The Word Revolution & The Boys Club Vs. The Rebels
Uh oh, we are entering “Awards Show” season. Celebrating everything wrong with entertainment. The whole “the red carpet” thing…the tux clad crowd trying to out fashion each other…and having been to some of these: The small talk and bullshit. “Hey there’s Artie Fufkin! ---Hey Artie, you rock...love ya...long time no see big guy (hug)”…then five minutes later “Fufkin—what a jerk…” Yeah—can make good TV ratings and sell more ‘product’, but I wish they’d just go away. They are SO goofy. The Grammy’s and Oscars are grandfathered in and done well—in fact we are doing quite a bit with the Grammy’s and it gets great traction. They have a historical thing going---that’s fine…but most of the others are made-for-TV ultra junk.
Ever watch LINK TV? That is one weird channel. I think it’s about bringing cultures together. To me, it’s all about bringing another boring unrealistic channel to my TV set.
OK—so much for my bad attitude about TV, I can always tune in TV Land to watch their great promos, or watch International news shows for the interesting production, or Fox News for the cute girls.
The big opportunity for media in 08 is de-laming it while simultaneously growing the audience. Do-able. I’ve seen study after study, as well as instinctually feel that America doesn’t actually LIKE much what they’re seeing hearing or reading…but they do it anyways. Sorta like a lot of food---It may taste pretty average but ya gotta eat. Going a step further, it’s unfashionable in the trade and un-businesslike to admit any of this. Maybe as in radio, the innovators have mostly cashed out…or maybe most of today’s breed of media titan is so self absorbed with the boys club they’re in that they just don’t care. Probably a little of each infused with this burning desire to stay clearly within the profitable (a good thing) but the ultimately limiting zone of safe (a bad thing). The old boy’s club thing holds innovation back. Same guys…same style…same M.O....the same elitist disattachment...the same kiss ass political gaming. I think part of Barack Obama’s appeal is that he ain’t in that club. Look at any tired, faltering but once, maybe even still prosperous business or institution and you’ll see The BOYS CLUB running the show.
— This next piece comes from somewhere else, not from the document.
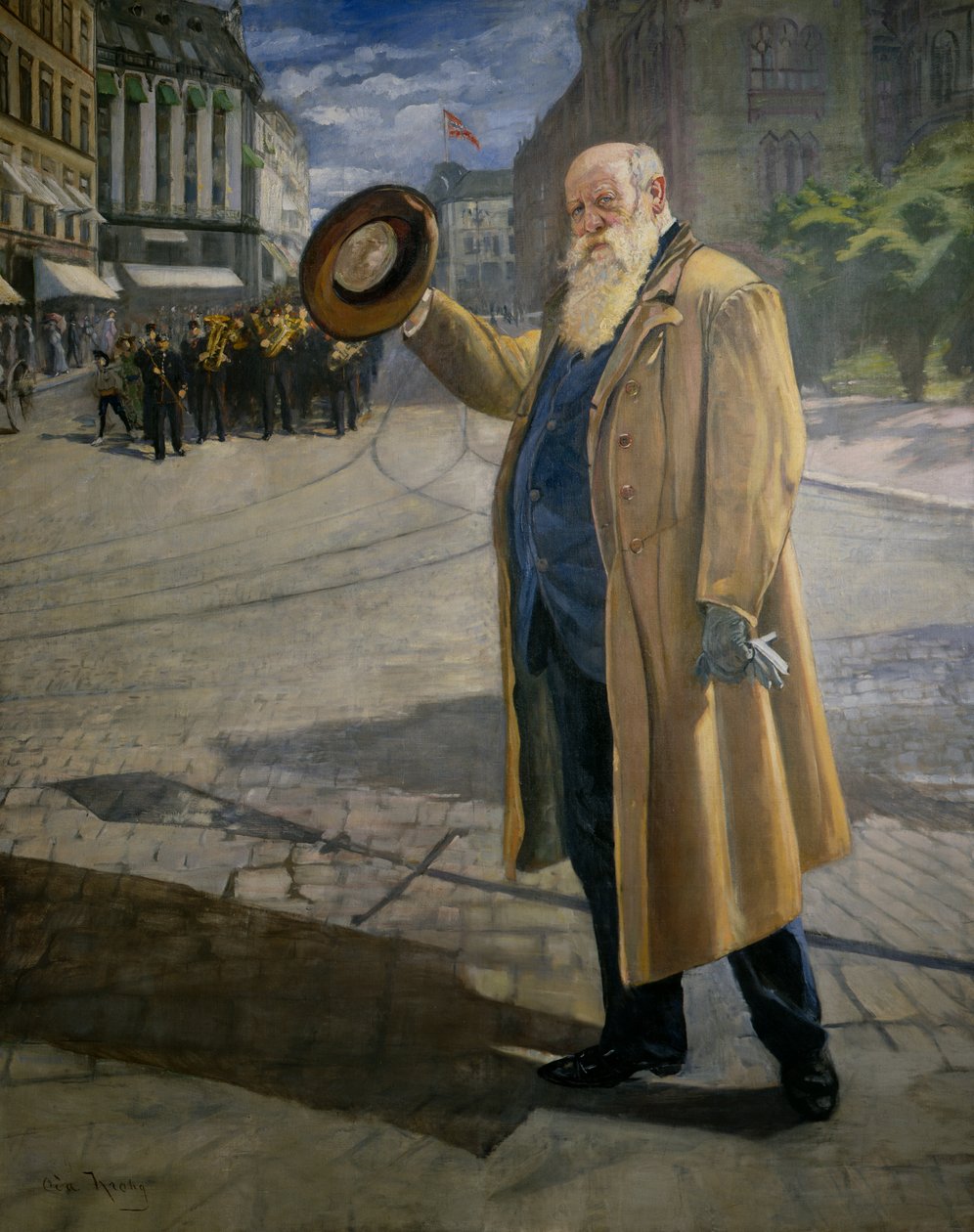 Christian Krohg bij Karl Johan door Oda Krohg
The “club” is bad...it’s on its last legs. The new club will rule...you can see it coming...in fact, it’s there if you look at whose winning.
It’s going to take some rebels to change all of this…and there’s too much opportunity to keep the rebels down…young and old...as there’s SO much to rebel against, with new ideas. The rebels are out there, winning and going to win. The myth is that the rebels are the “new” generation. Nope. I’d put old guys like Jobs and Murdoch right in there with “new” rebel thinkers. It’s all about weather one is sitting back in “the boys club” or thinking like a rebel. And there’s a tendency to think that the Boys club are old guys…not necessarily, as they are recruiting young guys for the club too. It’s all about a state of mind and a will to “fight” the average.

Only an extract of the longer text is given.